Crépuscule symphonique

En fait rien de surprenant dans cette vision froide et parfois très laide : Wagner ne convoque pas dieux, walkyries, rois, heaume et anneau magiques pour faire rêver, mais bien au contraire pour dénoncer l’ignominie dont sont capables tous les hommes au nom du pouvoir et de l’or. Partant de là, le malentendu étant levé, la mise en scène de Krämer se défend d’elle-même.
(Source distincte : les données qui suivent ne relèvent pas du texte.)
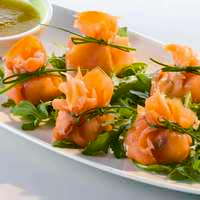 Lachsbeutel auf Rucolasalat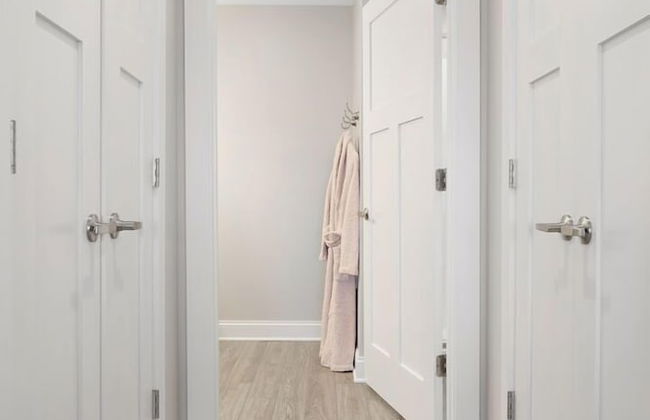 539 Bay St. Lake View Condo Unit 104E - Foto 8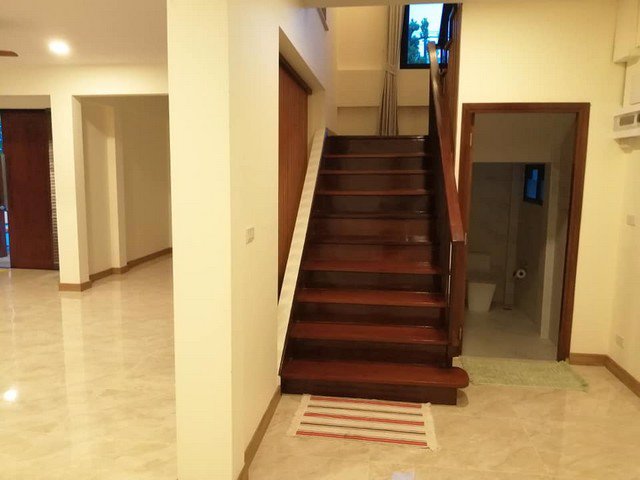 ให้เช่าบ้านเดียว-ใจกลางเมือง-ใกล้-ถนนสีลม-436-ตรม-3-นอน-3-น้ำ-120000ต่อเดือน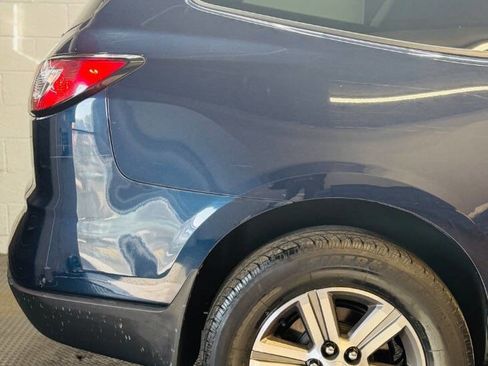 Used 2017 Chevrolet Traverse LS image 7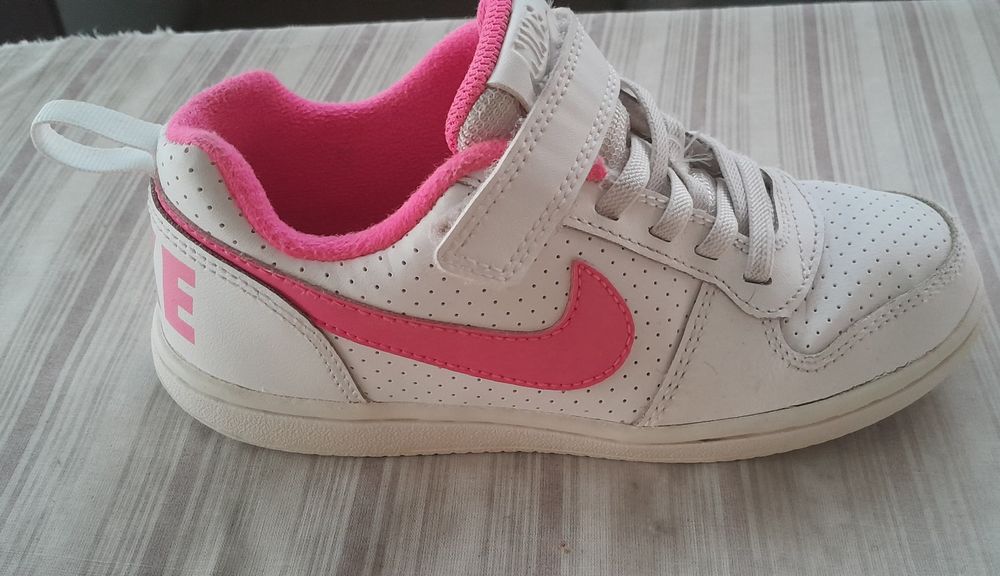 Tenis adidas e nike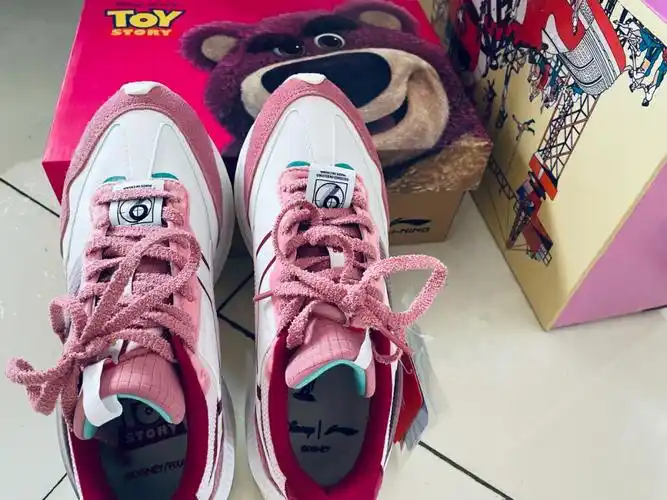 李宁迪士尼联名草莓鞋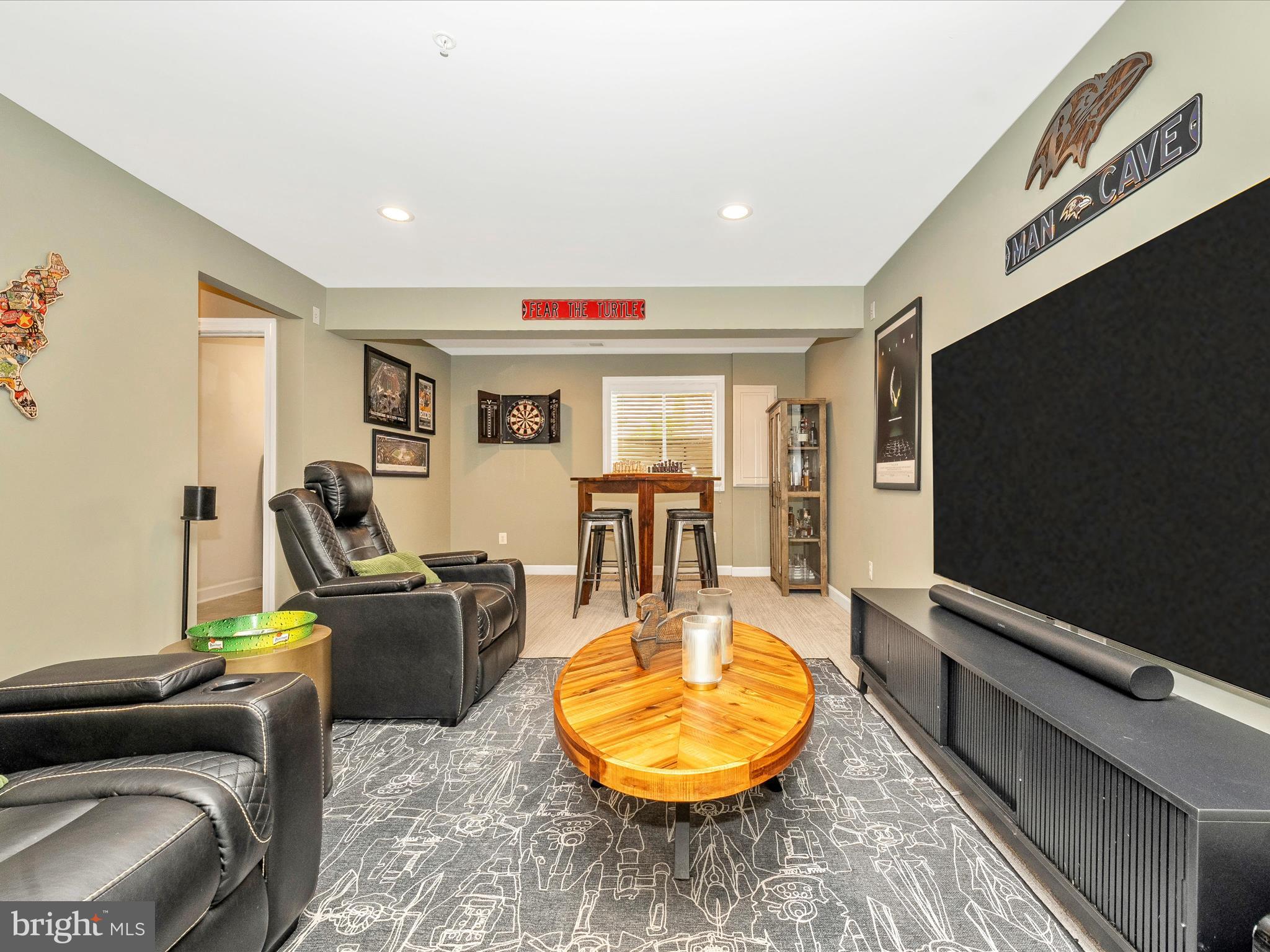 9727 Braidwood Ter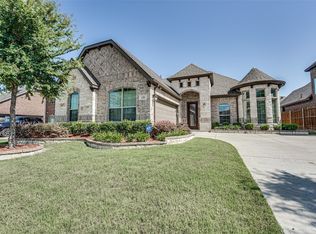 131 Red Pine Dr, Red Oak, TX 75154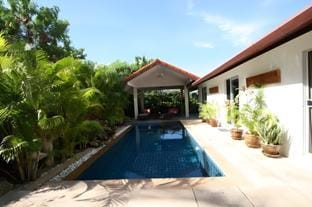 pool villa 3 bedrooms naiharn Villa in Rawai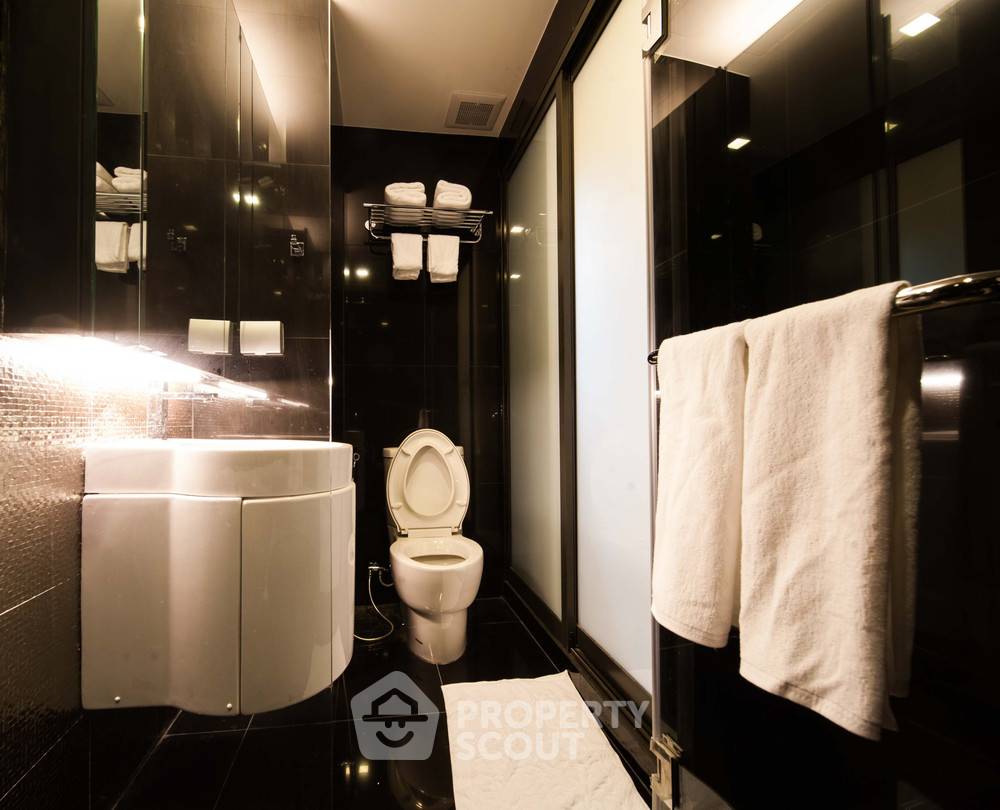 picture 1-BR Condo at Rhythm Sukhumvit 36-38 near BTS Thong Lor (ID 301312) - 8/8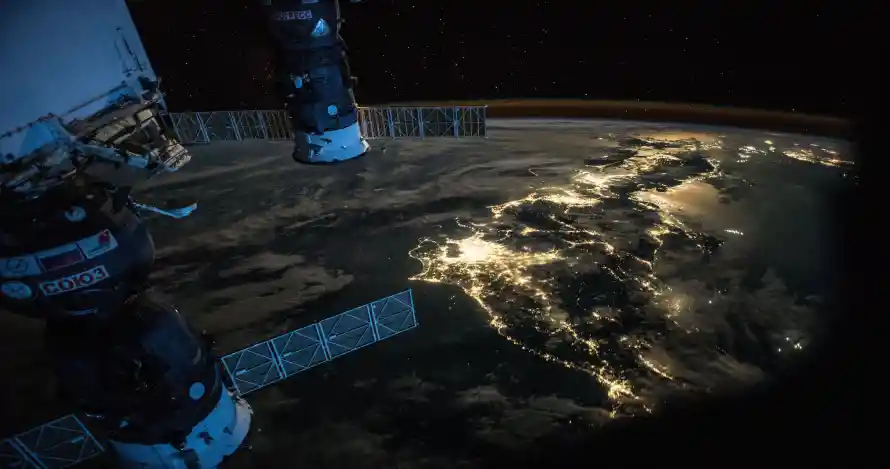 4k科幻壁纸 - 艺术 - 太空站 - 地球夜景「哲风壁纸」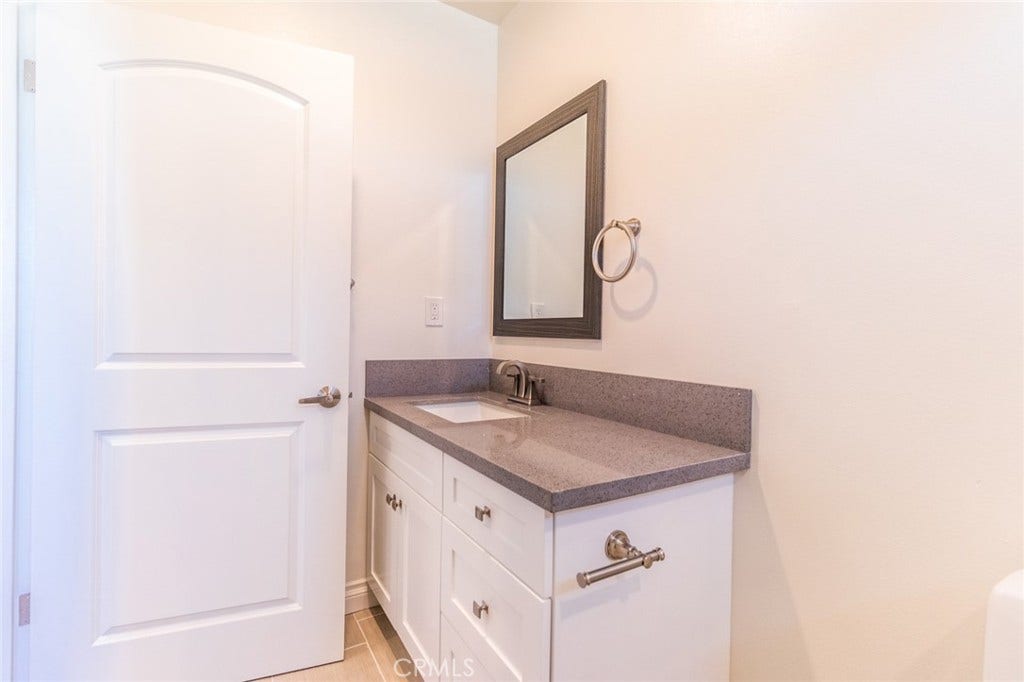 1739 Longwood Avenue, Los Angeles, CA 90019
En revanche, les réalisations vidéo qui ponctuent les 3 actes de ce Crépuscule nous paraissent inutiles et au regard des moyens de l’Opéra de Paris, non seulement anecdotiques … mais indignes d’une telle maison : infliger aux spectateurs pendant la sublime apothéose orchestrale qui suit la mort de Siegfried, ce grand panneau éblouissant qui est censé exprimer l’élévation du héros vers le ciel, comme plus tard, cette immense playstation où un revolver extermine un à un les dieux du Walhalla (après le grand monologue de Brünnhilde) est d’un goût douteux ; ce sont des idées revues et remâchées qui n’apportent rien de neuf ni de pertinent à la lecture  ; que le metteur en scène veuille faire jeune et emprunter us et coutumes des plus branchés, soit, mais que cela soit alors bien fait ; l’apothéose du héros ainsi vidéographiée relève d’une infographie bas de gamme assez consternante … complètement ratée (images figées, rémanentes qui peinent à exprimer la montée des marches de l’immense escalier menant au paradis des élus …
A part cela, l’évocation des eaux du Rhin par le même panneau, quand les 3 naïades paraissent à deux reprises sur la scène (surtout au début du III) est réussie ; pour autant, contrairement à L’Or du Rhin, – capable de superbes tableaux oniriques, forts et spectaculaires (la multitude des mains singeant l’ondulation des poissons au tout début, ou l’armée des travailleurs asservis par Alberich au Nibelung, avec cet immense pendule qui rythme leur activité et semble aussi les laminer un à un …), Günter Krämer nous a semblé en manque d’idées en fin de cycle.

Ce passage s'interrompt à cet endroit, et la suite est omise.